Flags: needinfo?(jmuizelaar) → needinfo?(bzbarsky)
I was not able to reproduce on 10.9 with a debug build
Between comment 20 and 22 it sounds like waiting, if not considering this WFM, is best.  Wontfixing for 35.
Attachment #8485214 - Attachment is patch: true
Attachment #8485214 - Attachment mime type: message/rfc822 → text/plain
I can't reproduce anymore either.  It's possible one of the many other followups to bug 982338 helped here...
Flags: needinfo?(bzbarsky)
At some point we decided to not go ahead with the approach in this bug because it's very brittle and because it doesn't fix the real bug.

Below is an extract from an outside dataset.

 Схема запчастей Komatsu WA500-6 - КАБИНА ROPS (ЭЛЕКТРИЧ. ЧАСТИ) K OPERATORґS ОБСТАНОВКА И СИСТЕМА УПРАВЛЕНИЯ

I'll mark the patches as obsolete.
Why is it brittle? Because we're making assumptions about the contents of the window framebuffer at the time of compositing. Our logic will break as soon as the GL context doesn't use exactly two buffers for double-buffering and alternatingly makes us paint into each one. Consulting GLX_EXT_buffer_age instead of blindly assuming double-bufferedness would give us more certainty here, but it's unclear whether it's worth implementing.
What's the real bug? Something to do with our Mac event loop. Bug 1102302 has much better steps to reproduce for a similar bug that involves a hang during a modal dialog.
Flags: needinfo?(mstange)
Comment on attachment 8488414 [details] [diff] [review]
Restrict OGL compositing to the invalid region v2

see comment 25
Attachment #8488414 - Flags: review+ → review-
Seems like it is also a wontfix for 36 & 37!
Matt, any update here? Seems like this stalled 10 months ago.
Flags: needinfo?(matt.woodrow)
(In reply to Anthony Hughes, QA Mentor (:ashughes) from comment #28)
> Matt, any update here? Seems like this stalled 10 months ago.

Not really, Comment 25 still reflects the current state afaik.
Flags: needinfo?(matt.woodrow)
Whiteboard: [gfx-noted]
Version: unspecified → 35 Branch

The bug assignee is inactive on Bugzilla, so the assignee is being reset.